Way back in 2016, when we first wrote about Prog-Death princes Luna’s Call, I remember receiving a bit of backlash for not being quite as excessively effusive about their debut, Divinity, as some other sites were at the time.

Now, the reasons for this were twofold.

For one thing, I often find that a lot of other writers (and readers) tend to be a little over-generous with their praise, especially when it comes to homegrown heroes, so I always try to be a little more balanced and objective whenever I can.

For another, I knew… I knew… that these guys were capable of more. Much, much more.

And now, a little over four-and-a-half(!) years later, this belief has finally been vindicated.

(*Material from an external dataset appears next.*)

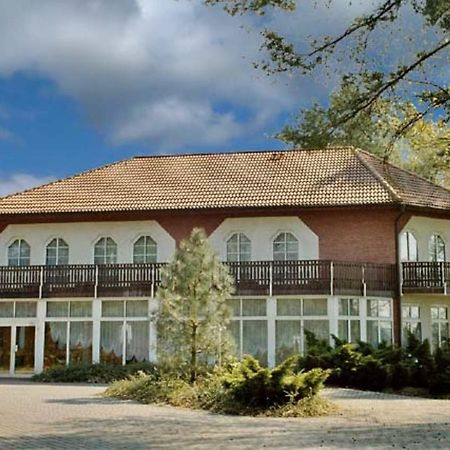 Parkstadthotel Bad Muskau Buitenkant foto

By doubling down on the Prog side of their sound (without abandoning their Death Metal roots), the Lincoln-based quartet have created something truly magical here, beginning with the scene-setting, Cynic-esque introduction of “Merced’s Footsteps”, before moving quickly and confidently into the cinematic, subtly symphonic, intricately indulgent Prog-Death of “Signs”, whose complex, creative fretwork is comparable to the best of Akerfeldt, Ihsahn, Wilson and Swanö.

If “Signs” didn’t already make it clear, Luna’s Call absolutely excel at crafting extravagant, long-form Prog-Death arrangements which cycle through multiple movements – from rapid-fire riffery to  synth-tinged grooves to doomy darkness, from moody melodic minimalism to gorgeous, gleaming grandeur to bombastic blasting – without ever losing the central thread which guides the listener through this ever-twisting, ever-turning labyrinth of sound.

This well-learned, hard-earned talent for balancing diversity, dynamism, and drama, is what makes the powerful, progged-out riffs, ostentatious orchestral opulence, and transcendent technicality of “Solar Immolation” just as immersive and engaging as the seamless shift from pure Prog to raging Death Metal during “Locus” (which also showcases some of the album’s most brilliant bass work) or the twisted Tech Death riff-fest of “In Bile They Bathe”… even though the latter two tracks together still don’t quite equal the former’s titanic, thirteen-and-a-half minute run-time!

As unashamedly OTT as this album can be (which extends, by the way, to its eye-catching artwork, which is a real feast for the senses), the band also clearly grasp the importance of contrast and flow to the success of their sound, which is why the first half of the album culminates in the poignant, photo-realistic proggery of “Enceladus & The Life Inside”, and why the soothing instrumental interlude of “Silverfish” serves as a perfect penultimate pause prior to climactic closer “Fly Further Cosmonaut”.

And what a closer it is, delivering some of the album’s heaviest, hookiest, most extreme, most elegant, and most potently proggy material over the course of just over nine majestic minutes.

Wearing both their influences and their ambition out and proud upon their sleeves,  Luna’s Call have produced an album of such astounding confidence and creativity that it’s clearly one of the stand-out releases of 2020. In fact it might just be the best example of Progressive Death Metal – with an emphasis on the “Progressive” part – I’ve heard since Serdce’s fantastic, but fatally underrated, Timelessness. And that’s not something I say lightly.

So don’t let this one pass you by. Because I absolutely guarantee that it will be making an appearance on multiple “Best of…” lists at the end of the year. It really is just that good.